Als Untersuchungsobjekt dienten Liao – nicht zu verwechseln mit seinem Namensvetter, dem Präsidenten der Nationalen Akademie der Wissenschaften von Taiwan – Regenbogenforellen. Er konnte experimentell zeigen, dass die biegsamen Körper der Fische in Wasserstrudeln resonant in Schwingung geraten und dabei genug Energie aufnehmen, um den Strömungswiderstand zu überwinden. Das gelingt auch an Klippen, sodass sich unter passenden Bedingungen selbst tote Fische flussaufwärts bewegen.
Was zunächst paradox klingt, hat Anwendungen in der Robotik und für sogenannte Energieernter. Die Aufwärtsbewegung ohne Energieaufwand ist aber auch für Fischtreppen von Interesse. Hier entwickelt Liao basierend auf der Bewegung der Fische in turbulenter Umgebung optimierte Designs, damit die Tiere auf dem Weg zu ihren Laichgründen möglichst wenig Energie beim Überwinden künstlicher Hindernisse verbrauchen.
In seiner Dankesrede brachte Liao seine Forschung perfekt auf den Punkt: Er habe entdeckt, dass sich lebende Fische mehr bewegen als tote – aber nicht sehr viel. Der tote Fisch gebrauche seinen Körper gleichzeitig wie ein Segel im Wasser und wie einen stabilisierenden Kiel: Das Wasser schwimmt den Fisch! Zur Demonstration hatte er ein lebensgroßes Kunststoffmodell einer Regenbogenforelle dabei, dessen Flossen er durch beständiges Schütteln in Bewegung hielt. Das Publikum applaudierte lautstark – auch weil er sich kurz und knapp fasste und niemanden langweilte.

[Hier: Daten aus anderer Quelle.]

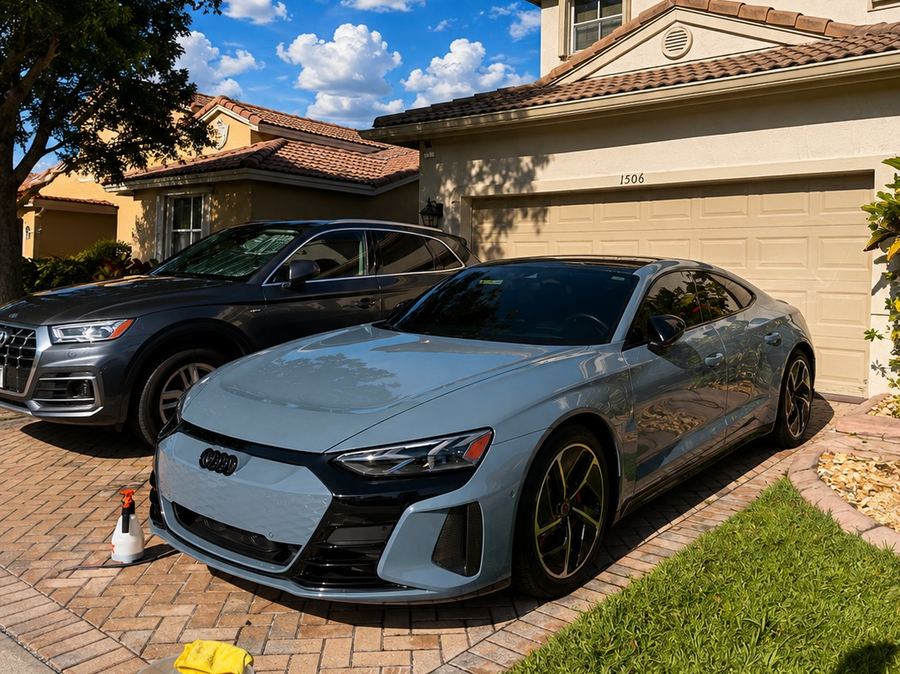 Two cars detailed in a Broward driveway — maintenance plan customers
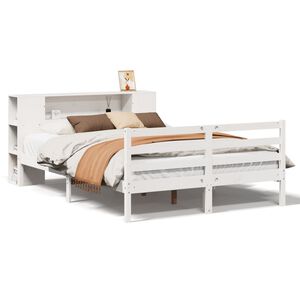 vidaXL Massivholzbett mit Regal ohne Matratze Wei&szlig; 140x190 cm Kiefer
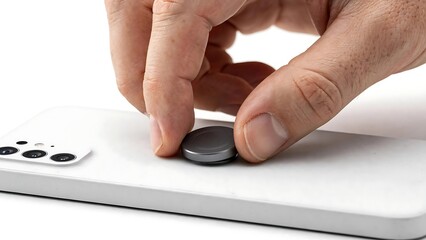 Fototapeta premium Close Up of Hand Adjusting Circular Accessory on Back of White Phone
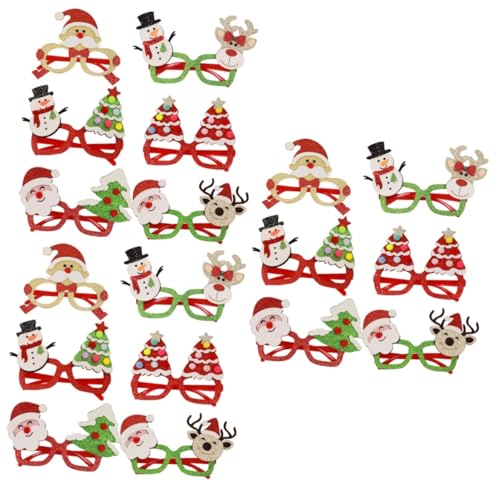 SOLUSTRE 18 Stück Teiliges Weihnachtskostüm Brillenset Komfortablem Vliesmaterial Kreative Foto Requisiten für Party Bar und Festliche Weihnachtsdeko Vielseitig Einsetzbar und zu von SOLUSTRE
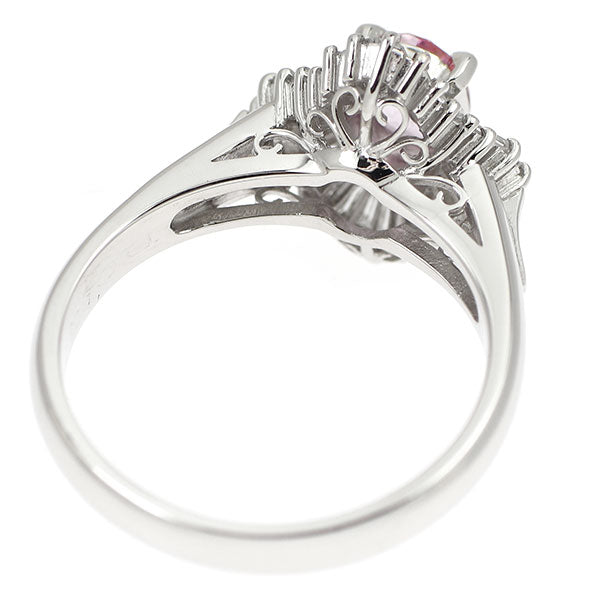 Pt900 パパラチアサファイア ダイヤモンド リング 0.668ct D0.53ct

Tiere spielten aber auch in anderen Kategorien eine Rolle. So ging der Preis in der Kategorie Frieden posthum an B. F. Skinner, vertreten durch seine Tochter Julie Skinner Vargas. Der prominenteste Vertreter des Behaviorismus in den USA hat 1960 eine Arbeit zu Experimenten veröffentlicht, ob konditionierte Tauben die Flugbahn von Raketen lenken könnten – zu einer Zeit, als radargestützte Fernlenksysteme längst etabliert waren.